Kevin McCarthy: That’s very helpful. And then secondly, Scott, I’d welcome your view on the epoxy market heading into the fourth quarter. Part of the reason I ask is one of your competitors has reportedly implemented some sales control related to a Shell force majeure declaration on phenol and acetone, as I understand it. Are you seeing any encouraging signs that epoxy may begin to firm up at this juncture?

Scott Sutton: Yes. Well, I’ll just say that we have already announced price increase in both North America and Europe, and we did that over the last week or so. Additionally, the other good sign that we see there is that, the contribution from our systems business exceeds the contribution from our resins business. And really, that’s the first time that has happened. I’ll just caution you a little bit. It’s still really sloppy in those markets, no doubt about it. And we still have some inventory to clean up. And those impacts are still going to hunt us a little bit in the fourth quarter and even into the first quarter as well.

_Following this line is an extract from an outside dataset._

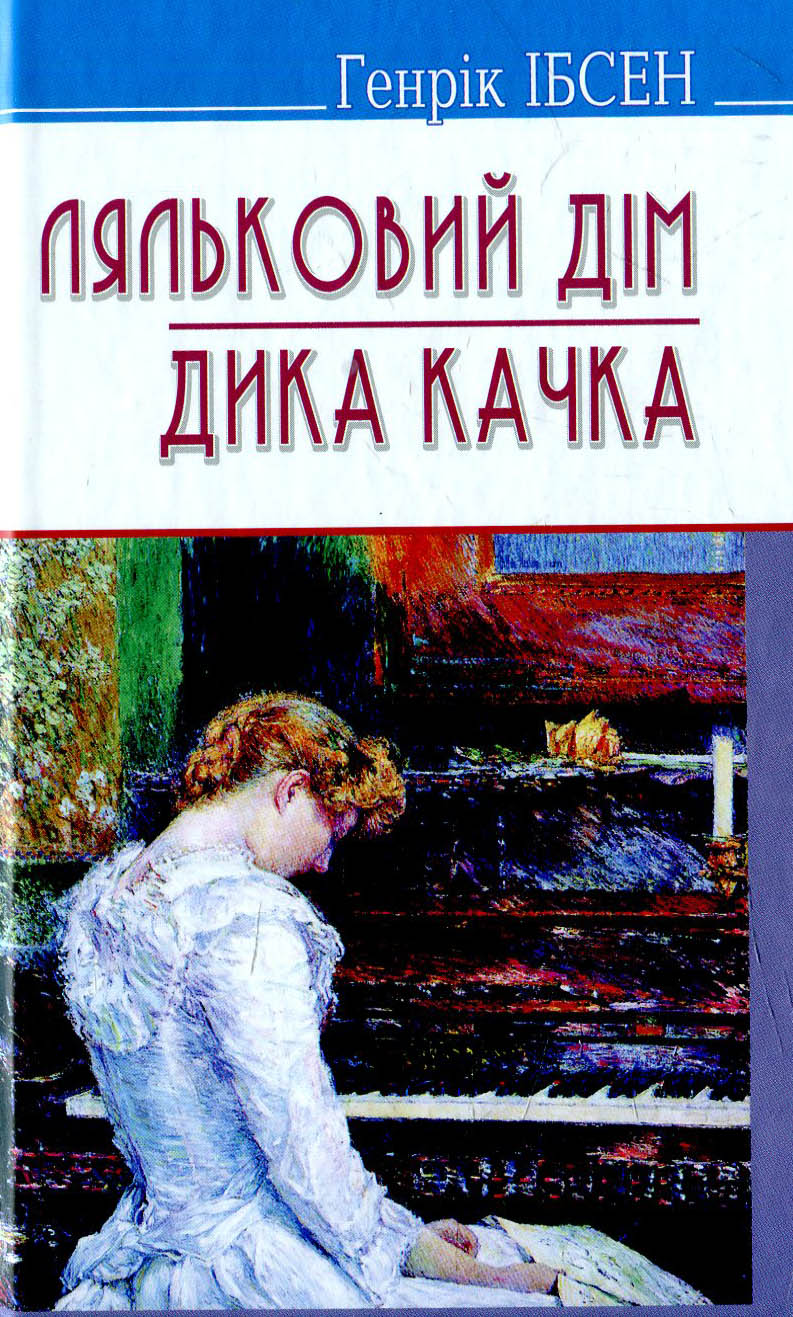 Ляльковий дім. Дика качка (Скарби) (тверда обкладинка)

Kevin McCarthy: Thanks very much.

Scott Sutton: Sure.

Operator: The next question comes from Jeff Zekauskas from JPMorgan. Please go ahead.

Jeff Zekauskas: Thanks, very much. Can you talk about the state of domestic chlorine demand? At what rate did it grow, say, in 2022? At what rate is it growing today and why?

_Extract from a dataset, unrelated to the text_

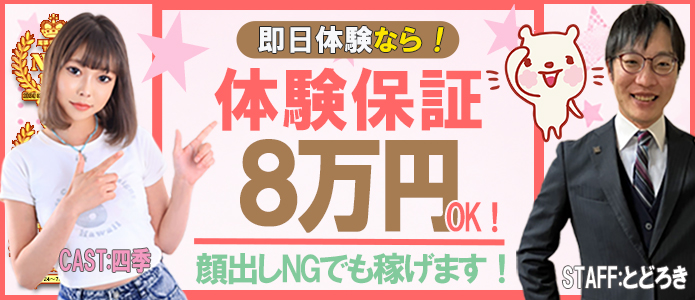 ダイスキ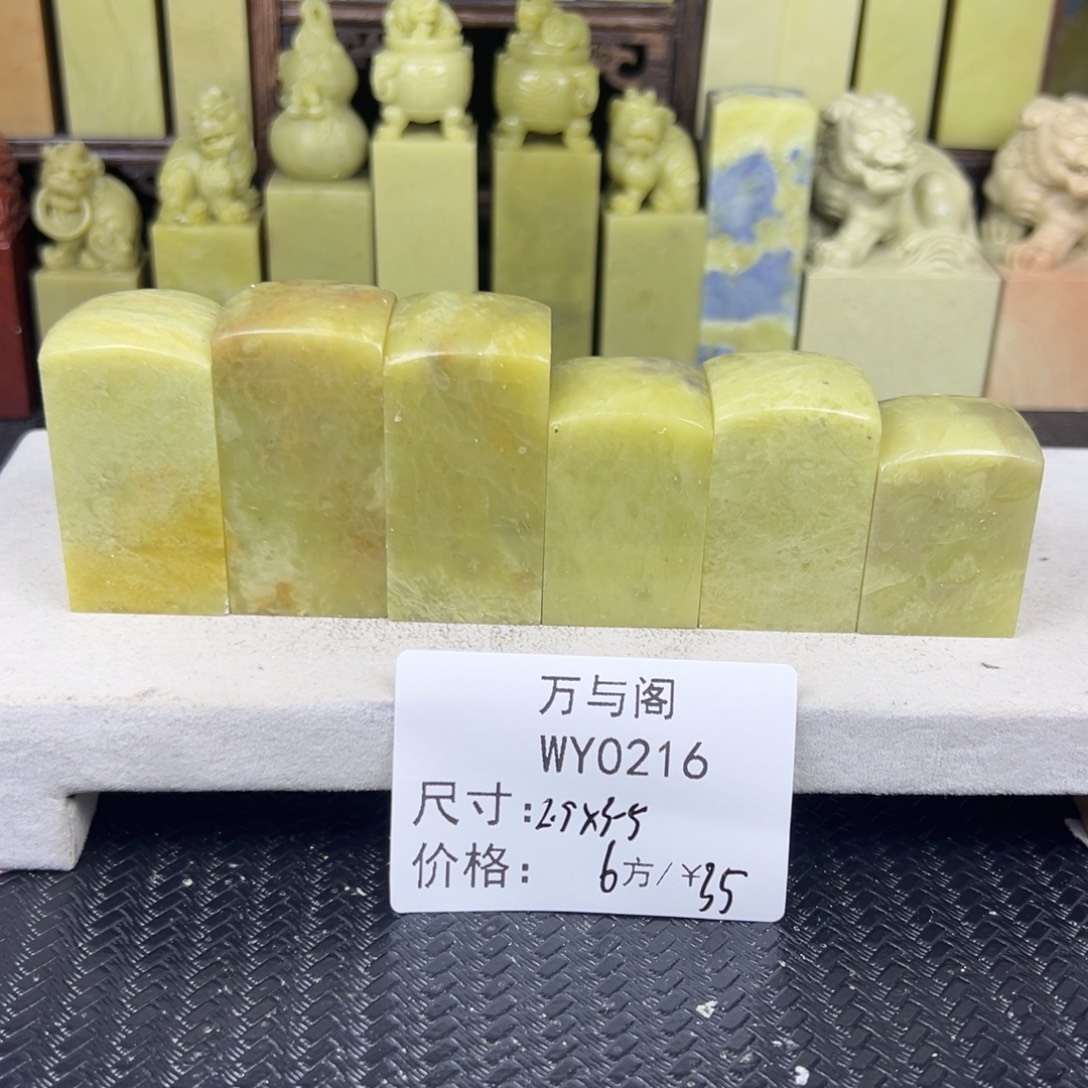 青田石青田石印章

Scott Sutton: Yes, hey Jeff. Yes, I mean, look, it’s not good. I mean this is why we’re running this value acceleration initiative because the chlorine side of the ECU has returned to be in the weaker side. Those markets are very, very weak. And so we’re not — we’re just not going to participate in those weak markets because it’s a chase down into the mud, and that’s not where we’re going to play. And you can see that in our results in the third quarter as our merchant chlorine price did not decline like may have been published in some of the trade publications. So no, it’s not good, but it’s not getting worse is what I would say. So we’re timing this activation at a point where we can see a future inflection point. The inflection point that we saw was probably three quarters out at least. And this whole activation is about pulling that inflection point forward in terms of ECU values.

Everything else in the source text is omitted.